4) Do what’s right for you and your baby
Everywhere mamas turn nowadays, there’s someone suggesting what they’re doing isn’t right. Feeding to sleep, rocking to sleep, holding your baby, responding when your baby cries – these things are all instinctive and natural, and have been for thousands of years… And for good reason!
Did you know that when you stand up holding your baby (rather than sitting down), their heartbeat is slower? Instinctively, we do what feels right for our babies – and they signal their needs and preferences to us through crying and cooing, showing us what works and what doesn’t, for their healthy development. When babies are developmentally ready, they won’t need you to cuddle them to sleep anymore, or to feed them to sleep, or to rock them. In the meantime, don’t feel guilty for holding your baby, or feeding them to sleep, or doing whatever else feels natural and right for you and your baby. They only need it for such a short time and, once they don’t, you may find you miss it!
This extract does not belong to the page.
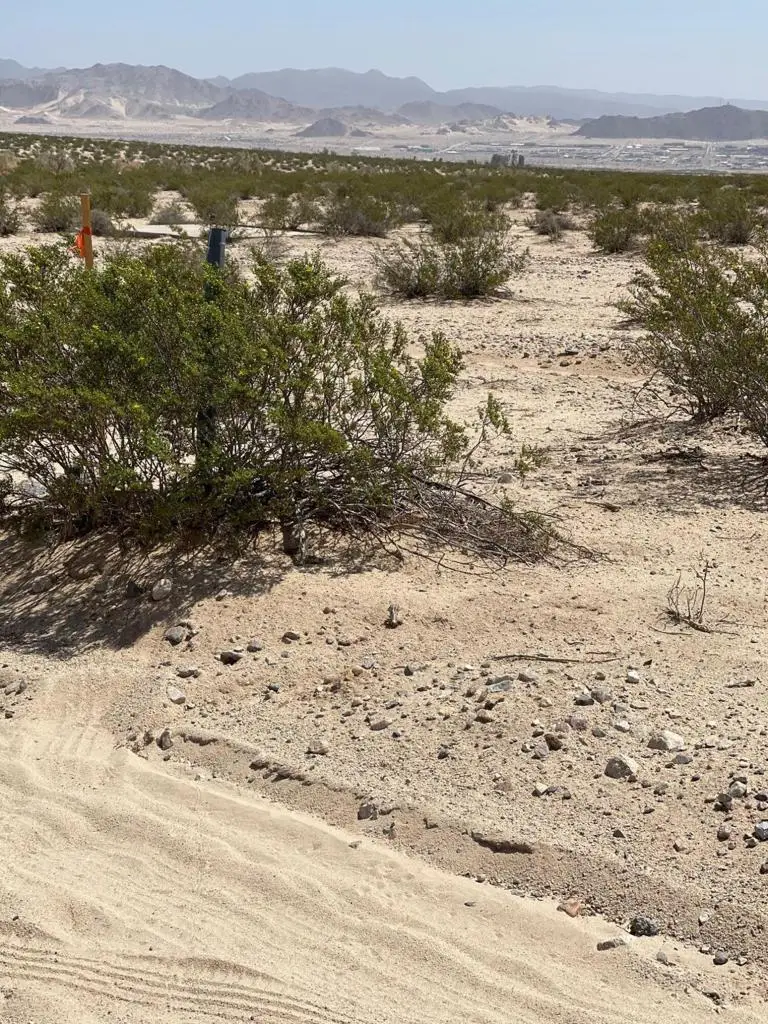 Canyon Road, Twentynine Palms, CA 92277 - Image #3
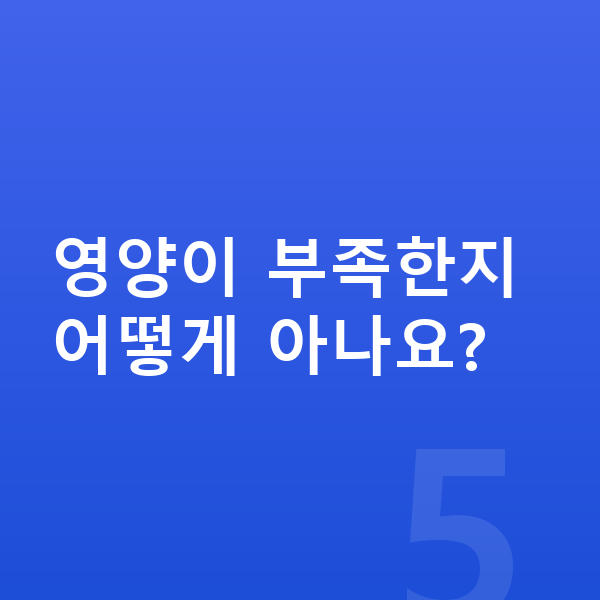 중학생 키크는영양 영양이 부족한지 어떻게 아나요?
5) Be honest with other mums
Sometimes, in order to ‘keep up’ with other mamas, we can hide how we’re really doing. We might claim our baby is sleeping well when they’re not. Or we might claim that we’ve got our sex life back to normal eight weeks after giving birth when really we haven’t even had a moment alone with our partner. Or we might pretend we’re happy and thriving, when actually we’re quietly crying the moment we get back in the car. By keeping up a pretence of a perfect new-mama life, we end up missing out on support, camaraderie and a wonderful opportunity to vent and empathise. And your pretence might cause other mamas to go home in a panic after hearing how much everyone else is (pretending to be) thriving when they themselves feel like they’re struggling. It results in a cycle of pretence, inadequacy and isolation. Instead, try opening up to other parents. Be honest about your successes and struggles, and try lifting others up through shared experience rather than competing.